START PROVIDED MATERIAL

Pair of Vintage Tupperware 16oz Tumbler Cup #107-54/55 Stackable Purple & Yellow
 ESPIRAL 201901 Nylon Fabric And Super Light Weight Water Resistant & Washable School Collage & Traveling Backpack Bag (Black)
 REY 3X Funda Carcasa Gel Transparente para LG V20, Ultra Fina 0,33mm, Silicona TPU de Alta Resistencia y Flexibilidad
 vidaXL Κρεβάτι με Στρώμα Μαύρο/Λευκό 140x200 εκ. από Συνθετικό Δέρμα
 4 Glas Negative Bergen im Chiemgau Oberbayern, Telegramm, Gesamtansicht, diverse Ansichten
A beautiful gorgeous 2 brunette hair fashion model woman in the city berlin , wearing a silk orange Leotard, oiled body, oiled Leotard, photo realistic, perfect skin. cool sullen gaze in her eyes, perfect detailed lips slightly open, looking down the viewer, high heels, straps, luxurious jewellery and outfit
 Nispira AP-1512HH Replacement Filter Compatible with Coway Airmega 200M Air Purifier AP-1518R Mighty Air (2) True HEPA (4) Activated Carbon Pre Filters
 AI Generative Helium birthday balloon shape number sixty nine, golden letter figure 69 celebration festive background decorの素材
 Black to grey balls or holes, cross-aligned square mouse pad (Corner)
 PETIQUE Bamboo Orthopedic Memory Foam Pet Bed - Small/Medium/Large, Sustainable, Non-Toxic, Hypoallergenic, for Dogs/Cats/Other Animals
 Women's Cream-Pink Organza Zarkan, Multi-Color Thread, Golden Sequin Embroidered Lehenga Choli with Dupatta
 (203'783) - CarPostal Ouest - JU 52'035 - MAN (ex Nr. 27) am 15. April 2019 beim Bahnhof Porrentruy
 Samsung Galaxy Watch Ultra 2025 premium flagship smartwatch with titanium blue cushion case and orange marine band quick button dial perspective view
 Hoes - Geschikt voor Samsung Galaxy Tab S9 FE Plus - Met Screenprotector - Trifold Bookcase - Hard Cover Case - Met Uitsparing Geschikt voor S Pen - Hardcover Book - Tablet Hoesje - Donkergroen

END PROVIDED MATERIAL

◆ PROBLEM ◆
Of the entries above, repeat exactly the lines between the line with "(203'783) - CarPostal" and the line with "Samsung Galaxy Watch", inclusive, and no others.

◆ RESPONSE AREA ◆
 (203'783) - CarPostal Ouest - JU 52'035 - MAN (ex Nr. 27) am 15. April 2019 beim Bahnhof Porrentruy
 Samsung Galaxy Watch Ultra 2025 premium flagship smartwatch with titanium blue cushion case and orange marine band quick button dial perspective view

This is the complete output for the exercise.